AIM OF THE EXERCISE
Every line of the material is to be quoted verbatim, minus the pictures.

EXERCISE DATA
=== Begin Enclosure ===

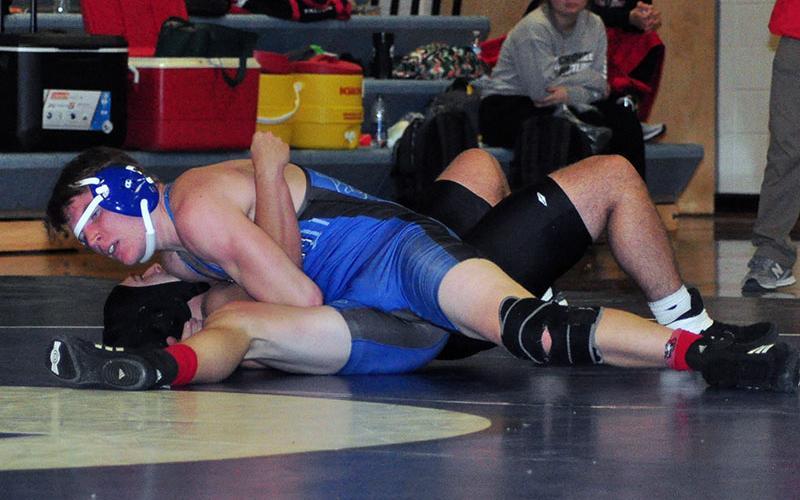 Fannin Rebel Thomas Mercer works to pin his opponent in recent action for the Fannin County wrestling team.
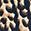 Dappled pattern of irregular dark brown & black splotches on a light beige background.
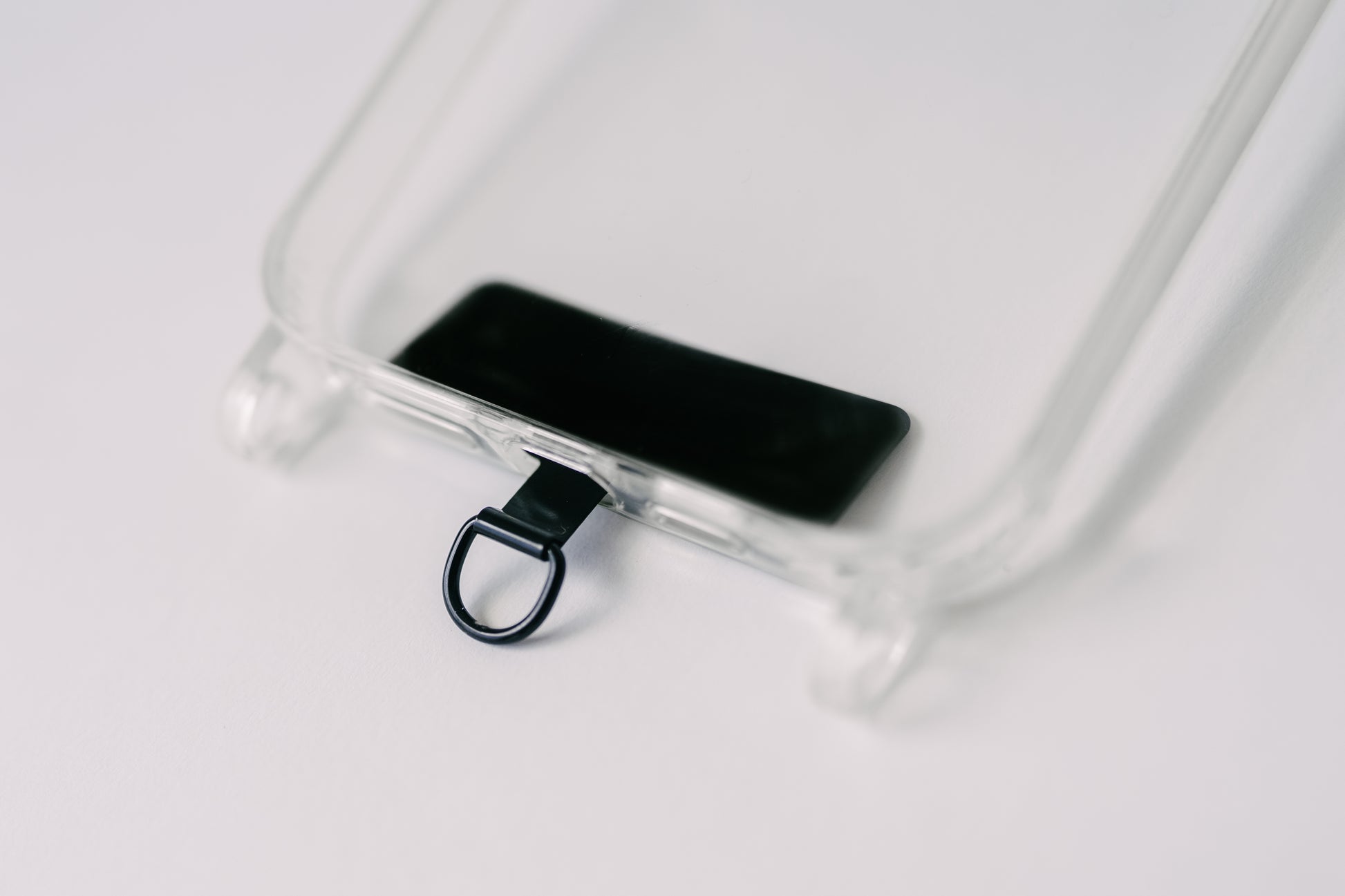 Phone tab through charging port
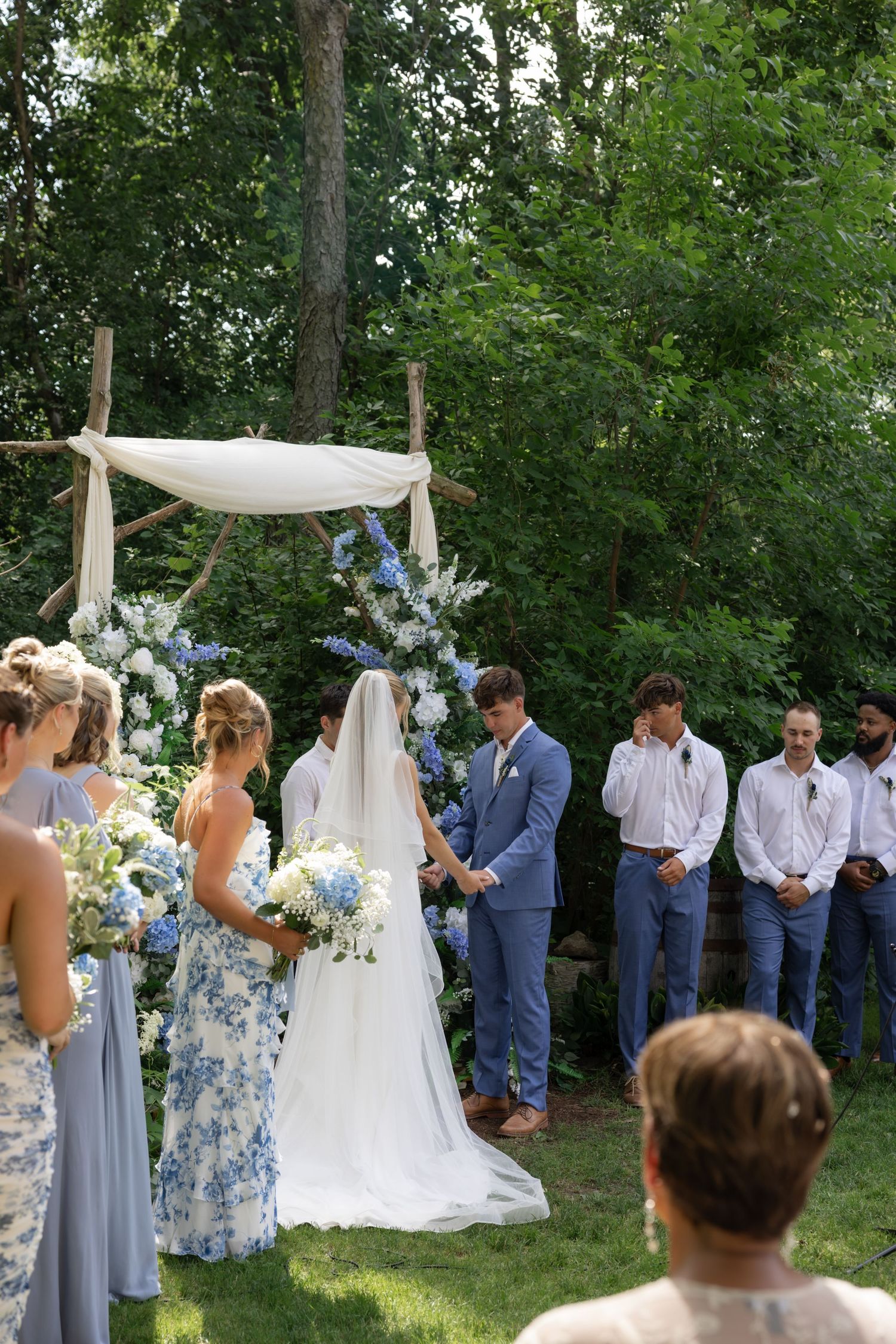 Wedding ceremony in progress with wedding party in blue suits and floral dresses under trees.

=== End Enclosure ===

YOUR SOLUTION
 Fannin Rebel Thomas Mercer works to pin his opponent in recent action for the Fannin County wrestling team.
 Dappled pattern of irregular dark brown & black splotches on a light beige background.
 Phone tab through charging port
 Wedding ceremony in progress with wedding party in blue suits and floral dresses under trees.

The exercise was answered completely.